CR Advocates LLP is a Kenyan law firm that advises clients on mergers and acquisitions, including compliance with the regulations of the competition authority. A merger refers to the acquisition of shares, business, or other assets whether inside or outside Kenya resulting in the change of control of a business, part of a business, or an asset of a business in Kenya in any manner and includes a takeover. The Competition Authority in Kenya is the regulatory body that is mandated to deal with mergers.

Legal Framework for Mergers and Acquisitions in Kenya

The following laws play an important role in providing for and regulating mergers and acquisitions in Kenya:

  1. The Competition Act (Chapter 504 of the laws of Kenya). This is the key statute that regulates mergers and acquisitions in Kenya. It requires that for all mergers and acquisitions to be consummated, there must be authorization from the Competition Authority. It provides the penalties for the offense of failing to obtain authorization during a merger or acquisition process including penalties and imprisonment if one is convicted.
  2. The Companies Act (No. 17 of 2015, laws of Kenya). This act regulates the formation, conduct, and winding up of companies in Kenya. It does not directly regulate mergers and acquisitions. However, it has an impact on the financing of the acquisition during a merger.
  3. The COMESA Competition Regulations and related rules (applicable to Kenya under Treaty). Kenya being a member state in COMESA is obligated by the regulations to notify the COMESA Competition Commission of a merger where both the acquiring firm and the target firm operate in two or more member states.
  4. The Capital Markets Act (Chapter 485A of the Laws of Kenya) and Capital Markets (Takeovers and Mergers) Regulations, 2002. They provide the steps and approvals required to be followed and secured for one to effect a takeover or acquire controlling interest in a company listed in Kenya. The approvals here are sought at the Capital Markets Authority and they are not a replacement to the ones provided by the Competition Authority.
  5. The Kenya Information and Communications Act (Chapter 411A of the Laws of Kenya). This act applies to companies that are licensed under it. It requires the approval of the Communication Authority prior to the change of control in a licensee which can occur in amongst other ways through mergers and acquisitions.
  6. The Banking Act (Chapter 488 of the Laws of Kenya). The act provides for the regulation and licensing of banks and other financial institutions. Banks and financial institutions are forbidden to amalgamate in whichever way including mergers and acquisitions without the approval of the Cabinet Secretary of finance by the Act. Further, the Act also forbids the transfer of more than 5% of its share capital to an individual or an entity without written consent from the Central Bank of Kenya.
  7. The Insurance Act (Chapter 487 of the Laws of Kenya). The Act provides that consent must be obtained from the Insurance Regulatory Authority prior to two or more insurers amalgamating or transferring insurance business to another insurance.

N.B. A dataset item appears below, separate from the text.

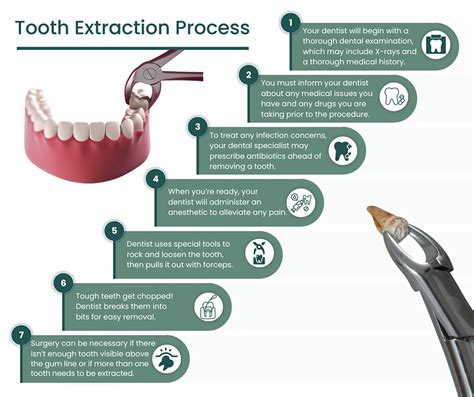 HandBook Extraction: Tools for Tooth Extraction Made Easy
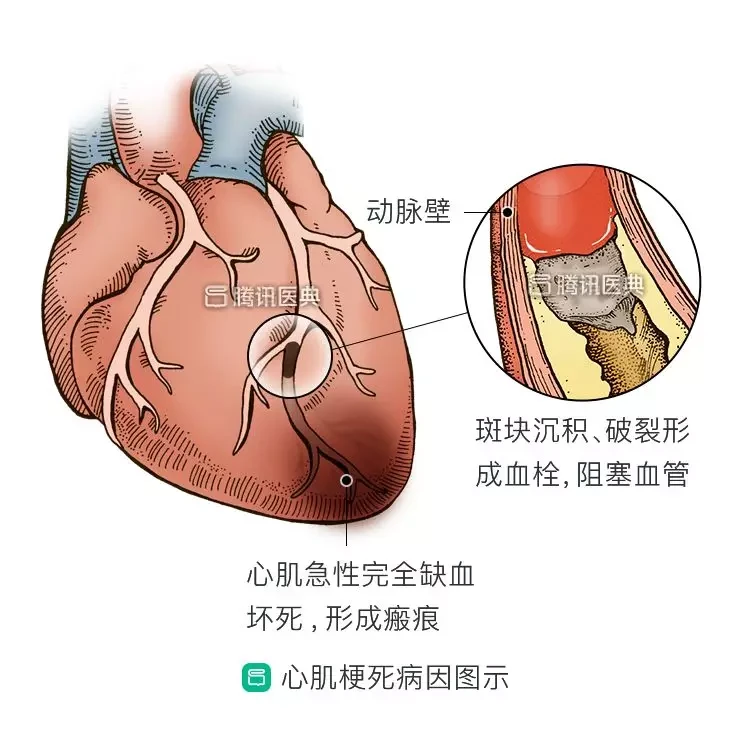 吃索拉非尼能引起牙齿出血吗_焦虑症能引起牙齿不适吗_索拉非尼能治愈肝癌吗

Registration of Mergers Process in Kenya

Once an application for a merger has been forwarded to the Competition Authority, Mergers, and Acquisitions department, the following steps are followed.

  1. The Authority acknowledges receipt of a merger application or complaints within 3 days, upon receipt of the same in the Authority’s Offices.
  2. The Authority considers and determines a merger proposal, within 60 days after receipt of complete information;
  3. If the Authority requests (where necessary) further information within 30 days after receipt of merger notification, it shall make a determination within 60 days after receipt of such information; and
  4. If the Authority requires to convene a hearing conference, it shall make a determination within 30 days after the date of the conclusion of the conference.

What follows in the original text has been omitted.